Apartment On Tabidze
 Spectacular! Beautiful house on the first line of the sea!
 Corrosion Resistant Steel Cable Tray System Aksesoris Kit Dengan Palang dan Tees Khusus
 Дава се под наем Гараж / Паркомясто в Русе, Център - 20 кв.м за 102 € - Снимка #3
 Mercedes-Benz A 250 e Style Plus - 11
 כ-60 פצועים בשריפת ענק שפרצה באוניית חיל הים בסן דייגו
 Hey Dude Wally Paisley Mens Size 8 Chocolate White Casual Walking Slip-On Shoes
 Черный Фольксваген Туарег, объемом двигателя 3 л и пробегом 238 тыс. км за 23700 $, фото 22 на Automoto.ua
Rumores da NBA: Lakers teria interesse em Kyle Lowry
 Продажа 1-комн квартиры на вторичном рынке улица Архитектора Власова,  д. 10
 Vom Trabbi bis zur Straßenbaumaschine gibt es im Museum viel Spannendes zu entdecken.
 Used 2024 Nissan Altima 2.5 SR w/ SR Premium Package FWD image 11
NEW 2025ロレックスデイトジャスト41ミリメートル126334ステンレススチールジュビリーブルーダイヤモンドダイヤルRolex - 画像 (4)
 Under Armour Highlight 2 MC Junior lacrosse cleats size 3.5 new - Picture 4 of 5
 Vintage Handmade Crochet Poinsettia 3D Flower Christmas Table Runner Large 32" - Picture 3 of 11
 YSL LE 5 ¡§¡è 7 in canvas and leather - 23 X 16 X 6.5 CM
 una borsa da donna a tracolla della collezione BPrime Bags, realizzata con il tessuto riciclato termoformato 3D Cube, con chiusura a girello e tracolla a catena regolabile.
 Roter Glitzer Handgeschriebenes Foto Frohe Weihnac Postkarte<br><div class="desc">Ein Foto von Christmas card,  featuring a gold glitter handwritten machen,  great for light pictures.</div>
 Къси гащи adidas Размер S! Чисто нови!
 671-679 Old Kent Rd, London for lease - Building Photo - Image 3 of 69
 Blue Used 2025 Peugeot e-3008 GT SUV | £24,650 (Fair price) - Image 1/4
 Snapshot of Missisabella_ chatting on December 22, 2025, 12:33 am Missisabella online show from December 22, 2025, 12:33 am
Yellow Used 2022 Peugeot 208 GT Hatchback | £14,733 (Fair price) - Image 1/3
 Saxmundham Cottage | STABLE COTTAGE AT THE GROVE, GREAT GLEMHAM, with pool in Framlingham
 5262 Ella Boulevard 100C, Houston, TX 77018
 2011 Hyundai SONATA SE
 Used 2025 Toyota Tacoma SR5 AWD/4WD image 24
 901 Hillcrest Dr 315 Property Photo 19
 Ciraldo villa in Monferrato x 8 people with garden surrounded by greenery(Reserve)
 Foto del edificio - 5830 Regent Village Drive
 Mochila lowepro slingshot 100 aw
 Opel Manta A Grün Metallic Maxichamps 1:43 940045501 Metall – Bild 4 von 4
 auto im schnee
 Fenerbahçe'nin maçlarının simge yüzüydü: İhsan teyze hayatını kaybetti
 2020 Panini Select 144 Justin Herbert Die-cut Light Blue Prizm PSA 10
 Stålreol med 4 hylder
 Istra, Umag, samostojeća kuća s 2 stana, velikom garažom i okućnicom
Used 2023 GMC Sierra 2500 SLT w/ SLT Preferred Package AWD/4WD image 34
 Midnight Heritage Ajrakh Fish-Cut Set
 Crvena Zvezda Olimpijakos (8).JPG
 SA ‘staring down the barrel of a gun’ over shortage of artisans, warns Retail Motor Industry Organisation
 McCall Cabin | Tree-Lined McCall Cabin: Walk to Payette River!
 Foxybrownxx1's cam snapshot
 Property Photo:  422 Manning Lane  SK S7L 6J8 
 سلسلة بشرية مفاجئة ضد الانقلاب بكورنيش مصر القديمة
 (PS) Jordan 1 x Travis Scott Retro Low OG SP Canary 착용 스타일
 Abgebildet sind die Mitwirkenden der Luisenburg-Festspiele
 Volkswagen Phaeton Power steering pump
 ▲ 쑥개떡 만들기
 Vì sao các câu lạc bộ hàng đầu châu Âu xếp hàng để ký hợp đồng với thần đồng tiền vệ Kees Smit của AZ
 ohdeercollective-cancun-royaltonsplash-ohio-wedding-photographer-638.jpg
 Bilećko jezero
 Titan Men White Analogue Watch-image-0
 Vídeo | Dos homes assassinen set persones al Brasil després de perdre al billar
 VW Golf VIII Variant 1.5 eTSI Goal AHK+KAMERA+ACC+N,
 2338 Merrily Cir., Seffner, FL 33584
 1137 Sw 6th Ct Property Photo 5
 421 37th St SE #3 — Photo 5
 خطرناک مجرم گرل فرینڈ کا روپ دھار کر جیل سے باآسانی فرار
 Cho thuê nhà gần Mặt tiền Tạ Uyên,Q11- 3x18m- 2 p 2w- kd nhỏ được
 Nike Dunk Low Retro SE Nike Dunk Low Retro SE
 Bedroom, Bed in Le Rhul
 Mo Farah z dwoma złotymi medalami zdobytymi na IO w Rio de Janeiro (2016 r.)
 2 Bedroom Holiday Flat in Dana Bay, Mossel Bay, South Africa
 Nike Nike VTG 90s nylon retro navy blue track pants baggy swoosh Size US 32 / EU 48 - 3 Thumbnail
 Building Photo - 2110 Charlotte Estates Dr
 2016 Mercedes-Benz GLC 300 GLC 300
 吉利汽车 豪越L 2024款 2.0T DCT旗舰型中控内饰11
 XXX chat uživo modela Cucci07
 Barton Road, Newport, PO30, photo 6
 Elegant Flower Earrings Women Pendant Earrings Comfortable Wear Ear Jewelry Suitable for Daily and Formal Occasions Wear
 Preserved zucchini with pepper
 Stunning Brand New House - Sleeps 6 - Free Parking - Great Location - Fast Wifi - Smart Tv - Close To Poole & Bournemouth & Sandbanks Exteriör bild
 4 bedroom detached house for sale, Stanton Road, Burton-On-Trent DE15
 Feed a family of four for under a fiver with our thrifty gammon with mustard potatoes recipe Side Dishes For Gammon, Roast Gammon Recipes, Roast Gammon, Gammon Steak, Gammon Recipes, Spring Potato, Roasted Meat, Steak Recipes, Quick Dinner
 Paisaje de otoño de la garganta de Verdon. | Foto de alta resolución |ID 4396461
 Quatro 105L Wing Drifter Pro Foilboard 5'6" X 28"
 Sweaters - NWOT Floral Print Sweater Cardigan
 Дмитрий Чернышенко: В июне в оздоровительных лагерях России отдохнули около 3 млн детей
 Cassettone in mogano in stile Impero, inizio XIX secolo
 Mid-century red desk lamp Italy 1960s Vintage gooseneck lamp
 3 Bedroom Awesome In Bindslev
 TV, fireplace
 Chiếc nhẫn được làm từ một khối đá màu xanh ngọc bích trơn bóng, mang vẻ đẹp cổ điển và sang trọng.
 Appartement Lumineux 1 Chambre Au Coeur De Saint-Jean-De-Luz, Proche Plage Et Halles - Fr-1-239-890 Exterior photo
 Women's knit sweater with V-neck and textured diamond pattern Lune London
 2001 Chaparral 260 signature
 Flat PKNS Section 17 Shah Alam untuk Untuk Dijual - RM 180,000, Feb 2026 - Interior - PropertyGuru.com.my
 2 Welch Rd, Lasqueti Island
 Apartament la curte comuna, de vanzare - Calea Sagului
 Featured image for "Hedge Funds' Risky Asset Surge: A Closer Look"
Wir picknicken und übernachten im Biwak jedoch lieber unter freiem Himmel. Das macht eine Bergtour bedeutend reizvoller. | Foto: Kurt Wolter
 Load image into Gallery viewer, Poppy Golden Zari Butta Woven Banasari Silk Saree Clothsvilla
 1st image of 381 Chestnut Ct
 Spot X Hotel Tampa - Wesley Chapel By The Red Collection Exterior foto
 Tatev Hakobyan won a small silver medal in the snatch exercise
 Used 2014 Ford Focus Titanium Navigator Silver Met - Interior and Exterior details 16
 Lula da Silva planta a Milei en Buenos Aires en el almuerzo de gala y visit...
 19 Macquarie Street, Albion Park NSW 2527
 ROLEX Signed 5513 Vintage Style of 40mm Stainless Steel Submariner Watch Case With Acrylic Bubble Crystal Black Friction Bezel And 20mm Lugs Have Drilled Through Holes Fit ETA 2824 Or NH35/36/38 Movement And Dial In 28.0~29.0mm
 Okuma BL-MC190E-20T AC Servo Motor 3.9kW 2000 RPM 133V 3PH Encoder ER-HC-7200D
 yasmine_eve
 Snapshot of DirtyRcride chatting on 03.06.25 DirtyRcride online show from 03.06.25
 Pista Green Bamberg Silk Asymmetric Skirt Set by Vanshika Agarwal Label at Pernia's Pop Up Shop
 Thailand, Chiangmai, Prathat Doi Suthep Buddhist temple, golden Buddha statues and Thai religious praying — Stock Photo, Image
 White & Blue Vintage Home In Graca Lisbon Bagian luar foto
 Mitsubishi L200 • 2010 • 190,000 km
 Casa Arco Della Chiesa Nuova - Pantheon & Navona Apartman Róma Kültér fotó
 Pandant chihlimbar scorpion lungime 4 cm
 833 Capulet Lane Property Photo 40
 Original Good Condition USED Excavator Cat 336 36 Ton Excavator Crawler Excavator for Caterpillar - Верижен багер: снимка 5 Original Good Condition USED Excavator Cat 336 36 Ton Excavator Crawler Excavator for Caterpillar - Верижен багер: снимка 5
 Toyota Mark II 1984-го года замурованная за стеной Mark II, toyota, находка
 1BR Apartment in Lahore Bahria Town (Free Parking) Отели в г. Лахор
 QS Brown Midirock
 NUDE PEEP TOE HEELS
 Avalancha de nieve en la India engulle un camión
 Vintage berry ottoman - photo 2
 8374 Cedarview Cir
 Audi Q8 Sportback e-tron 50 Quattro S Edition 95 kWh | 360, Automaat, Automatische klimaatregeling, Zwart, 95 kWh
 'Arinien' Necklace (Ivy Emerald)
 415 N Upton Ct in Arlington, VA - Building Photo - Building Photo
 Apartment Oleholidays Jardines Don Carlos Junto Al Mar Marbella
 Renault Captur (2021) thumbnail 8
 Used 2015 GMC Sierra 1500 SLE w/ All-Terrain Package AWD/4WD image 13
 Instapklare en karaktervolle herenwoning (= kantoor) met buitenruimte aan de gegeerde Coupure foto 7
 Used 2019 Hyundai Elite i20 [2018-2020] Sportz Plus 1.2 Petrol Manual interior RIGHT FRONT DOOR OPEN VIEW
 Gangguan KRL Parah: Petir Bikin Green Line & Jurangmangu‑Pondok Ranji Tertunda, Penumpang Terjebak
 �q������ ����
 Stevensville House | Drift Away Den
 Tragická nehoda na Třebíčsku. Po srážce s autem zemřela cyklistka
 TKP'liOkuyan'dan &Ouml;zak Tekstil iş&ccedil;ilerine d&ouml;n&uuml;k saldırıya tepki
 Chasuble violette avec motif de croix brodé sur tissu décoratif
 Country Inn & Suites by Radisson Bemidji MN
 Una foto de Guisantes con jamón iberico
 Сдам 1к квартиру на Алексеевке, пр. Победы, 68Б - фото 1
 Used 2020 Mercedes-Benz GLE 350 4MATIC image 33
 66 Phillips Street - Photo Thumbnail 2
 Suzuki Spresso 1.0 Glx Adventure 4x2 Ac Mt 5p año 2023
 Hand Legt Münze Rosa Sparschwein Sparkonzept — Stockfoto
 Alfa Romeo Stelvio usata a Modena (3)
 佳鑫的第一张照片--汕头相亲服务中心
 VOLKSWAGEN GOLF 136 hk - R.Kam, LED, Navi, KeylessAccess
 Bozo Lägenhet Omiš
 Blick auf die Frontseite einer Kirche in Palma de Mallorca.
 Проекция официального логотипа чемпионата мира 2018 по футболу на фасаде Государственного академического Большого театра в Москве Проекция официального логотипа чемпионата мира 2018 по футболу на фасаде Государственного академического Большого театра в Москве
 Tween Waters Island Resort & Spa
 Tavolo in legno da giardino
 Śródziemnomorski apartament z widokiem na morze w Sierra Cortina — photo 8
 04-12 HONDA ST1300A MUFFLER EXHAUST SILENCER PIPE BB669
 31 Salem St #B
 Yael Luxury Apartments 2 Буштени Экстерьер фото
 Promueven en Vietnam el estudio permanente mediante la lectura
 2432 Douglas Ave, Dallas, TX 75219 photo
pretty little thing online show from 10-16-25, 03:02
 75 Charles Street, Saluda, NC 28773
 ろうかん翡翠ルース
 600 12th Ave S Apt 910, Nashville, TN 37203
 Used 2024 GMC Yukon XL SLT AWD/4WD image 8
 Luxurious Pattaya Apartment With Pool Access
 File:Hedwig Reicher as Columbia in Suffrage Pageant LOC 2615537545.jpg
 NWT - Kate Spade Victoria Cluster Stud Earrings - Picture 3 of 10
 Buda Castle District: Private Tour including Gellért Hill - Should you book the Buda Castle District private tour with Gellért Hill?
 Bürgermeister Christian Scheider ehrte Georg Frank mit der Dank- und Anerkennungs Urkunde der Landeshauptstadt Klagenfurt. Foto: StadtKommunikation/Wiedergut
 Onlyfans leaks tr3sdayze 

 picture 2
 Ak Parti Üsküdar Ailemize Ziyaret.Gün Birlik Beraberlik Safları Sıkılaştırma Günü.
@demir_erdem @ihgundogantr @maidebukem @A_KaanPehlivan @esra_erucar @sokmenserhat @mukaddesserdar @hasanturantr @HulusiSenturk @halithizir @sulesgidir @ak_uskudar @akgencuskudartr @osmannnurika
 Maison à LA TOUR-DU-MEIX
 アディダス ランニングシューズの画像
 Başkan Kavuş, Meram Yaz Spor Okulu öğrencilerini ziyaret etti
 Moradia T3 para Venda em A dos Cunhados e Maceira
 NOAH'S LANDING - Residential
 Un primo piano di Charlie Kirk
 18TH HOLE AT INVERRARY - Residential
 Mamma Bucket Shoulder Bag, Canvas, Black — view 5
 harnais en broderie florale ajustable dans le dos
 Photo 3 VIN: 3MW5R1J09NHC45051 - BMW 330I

━━━━━━━━━━

Lines wanted from the listing above: the line with "Roter Glitzer Handgeschriebenes" up to and including the line with "(PS) Jordan 1". Please write them out exactly, adding nothing else.

 Roter Glitzer Handgeschriebenes Foto Frohe Weihnac Postkarte<br><div class="desc">Ein Foto von Christmas card,  featuring a gold glitter handwritten machen,  great for light pictures.</div>
 Къси гащи adidas Размер S! Чисто нови!
 671-679 Old Kent Rd, London for lease - Building Photo - Image 3 of 69
 Blue Used 2025 Peugeot e-3008 GT SUV | £24,650 (Fair price) - Image 1/4
 Snapshot of Missisabella_ chatting on December 22, 2025, 12:33 am Missisabella online show from December 22, 2025, 12:33 am
Yellow Used 2022 Peugeot 208 GT Hatchback | £14,733 (Fair price) - Image 1/3
 Saxmundham Cottage | STABLE COTTAGE AT THE GROVE, GREAT GLEMHAM, with pool in Framlingham
 5262 Ella Boulevard 100C, Houston, TX 77018
 2011 Hyundai SONATA SE
 Used 2025 Toyota Tacoma SR5 AWD/4WD image 24
 901 Hillcrest Dr 315 Property Photo 19
 Ciraldo villa in Monferrato x 8 people with garden surrounded by greenery(Reserve)
 Foto del edificio - 5830 Regent Village Drive
 Mochila lowepro slingshot 100 aw
 Opel Manta A Grün Metallic Maxichamps 1:43 940045501 Metall – Bild 4 von 4
 auto im schnee
 Fenerbahçe'nin maçlarının simge yüzüydü: İhsan teyze hayatını kaybetti
 2020 Panini Select 144 Justin Herbert Die-cut Light Blue Prizm PSA 10
 Stålreol med 4 hylder
 Istra, Umag, samostojeća kuća s 2 stana, velikom garažom i okućnicom
Used 2023 GMC Sierra 2500 SLT w/ SLT Preferred Package AWD/4WD image 34
 Midnight Heritage Ajrakh Fish-Cut Set
 Crvena Zvezda Olimpijakos (8).JPG
 SA ‘staring down the barrel of a gun’ over shortage of artisans, warns Retail Motor Industry Organisation
 McCall Cabin | Tree-Lined McCall Cabin: Walk to Payette River!
 Foxybrownxx1's cam snapshot
 Property Photo:  422 Manning Lane  SK S7L 6J8 
 سلسلة بشرية مفاجئة ضد الانقلاب بكورنيش مصر القديمة
 (PS) Jordan 1 x Travis Scott Retro Low OG SP Canary 착용 스타일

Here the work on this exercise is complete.